Barksdale lawyers battle dismissal
By Holly Hollman
firstname.lastname@example.org · 340-2445
That's what representatives for Farron Barksdale's family said remain after his death.
Attorneys for Barksdale's mother and the Southern Center for Human Rights included their questions in a response filed Friday in Montgomery County Circuit Court.
The center and Mary Barksdale filed an open records act lawsuit against Department of Corrections Commissioner Richard Allen. The defendant filed a motion for the court to dismiss the case, which led to Friday's response by the plaintiffs.
Barksdale, 32, was serving life without parole for killing Athens police officer Tony Mims and Sgt. Larry Russell in 2004.
Limestone County authorities transferred Barksdale to Kilby Correctional Facility on Aug. 8. Four days later the staff found him unresponsive in his cell and transported him to Baptist Medical Center South in Montgomery.
He died 10 days later when the family opted to remove him from life support.
The DOC issued a press release that said Barksdale died of complications from bronchopneumonia with contributory factors of hyperthermia, an abnormally high body temperature, and coagulopathy, a blood clotting disorder.
There was no evidence of external or internal trauma, a DOC press release stated.
However, the autopsy report noted bruises.

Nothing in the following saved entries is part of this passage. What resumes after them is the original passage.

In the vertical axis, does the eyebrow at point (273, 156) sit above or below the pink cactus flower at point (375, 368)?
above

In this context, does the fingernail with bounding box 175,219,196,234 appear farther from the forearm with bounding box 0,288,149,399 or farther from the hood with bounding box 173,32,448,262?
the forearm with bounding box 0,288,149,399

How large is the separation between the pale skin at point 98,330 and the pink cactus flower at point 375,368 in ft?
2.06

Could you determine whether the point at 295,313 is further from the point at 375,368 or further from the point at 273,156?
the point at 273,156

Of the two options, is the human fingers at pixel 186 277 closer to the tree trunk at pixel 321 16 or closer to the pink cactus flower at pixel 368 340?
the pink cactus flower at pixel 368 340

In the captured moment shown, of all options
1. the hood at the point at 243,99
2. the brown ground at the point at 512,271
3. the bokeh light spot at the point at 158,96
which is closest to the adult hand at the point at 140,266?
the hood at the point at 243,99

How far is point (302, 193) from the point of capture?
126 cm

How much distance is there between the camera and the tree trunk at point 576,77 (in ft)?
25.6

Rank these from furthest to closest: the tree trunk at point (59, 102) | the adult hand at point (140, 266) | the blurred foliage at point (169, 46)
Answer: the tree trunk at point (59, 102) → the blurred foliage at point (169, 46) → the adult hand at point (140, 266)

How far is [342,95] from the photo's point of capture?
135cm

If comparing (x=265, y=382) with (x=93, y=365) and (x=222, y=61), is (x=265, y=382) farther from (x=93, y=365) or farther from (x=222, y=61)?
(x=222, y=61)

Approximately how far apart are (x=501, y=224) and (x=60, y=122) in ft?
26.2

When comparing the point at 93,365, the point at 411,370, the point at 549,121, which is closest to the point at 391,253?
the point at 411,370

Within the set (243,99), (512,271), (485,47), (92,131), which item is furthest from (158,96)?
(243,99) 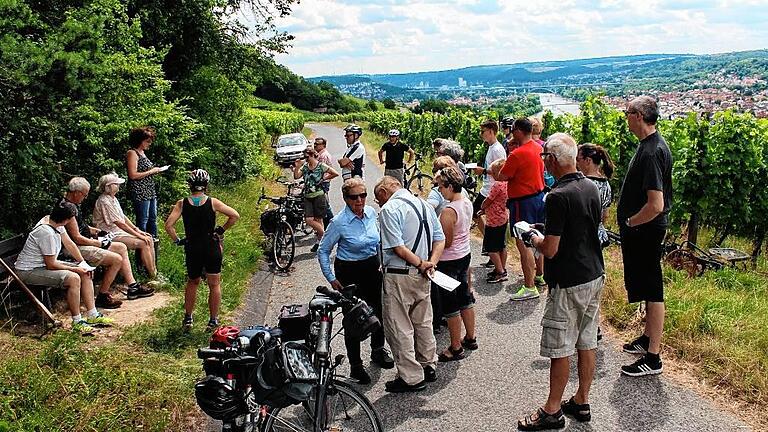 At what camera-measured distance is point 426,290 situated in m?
5.43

Dr. Kenneth Snell of the Alabama Department of Forensic Sciences told The Associated Press some bruises were related to medical treatment in a hospital and his deteriorating health. Bruises on his hips were older and larger and could not be explained, Snell said, but he added that the bruises were not linked to Barksdale’s death.
The response listed five questions DOC should answer regarding Barksdale’s death.
What caused the unexplained bruising?
Did the staff adequately monitor Barksdale?
If Barksdale complained of any illness, did prison officials respond reasonably?
Was Barksdale unconscious for a long period of time before being discovered?
Were appropriate steps taken to revive him?
The response states that the court should deny the dismissal request and order DOC to grant access to prison incident reports, investigative reports and other records.
DOC spokesman Brian Corbett has said an inmate’s file and investigative reports are not public record.
The plaintiffs’ response states that incident reports and investigative reports are two different documents, and according to state law, are public record.
“Defendant cannot shield important public documents from view simply by placing a copy in the inmate’s file,” the response states.
Both Georgia and Florida make prison incident reports available to the public, the response states.
The response also states that the plaintiffs have met the state Supreme Court’s standard for obtaining investigative reports because there would be undue hardship from DOC’s non-disclosure.
The information in those reports is not available from any other source.
Jake Watson, one of the attorneys representing Mary Barksdale, has said the medical intake records at Kilby do not note Barksdale having any health problems.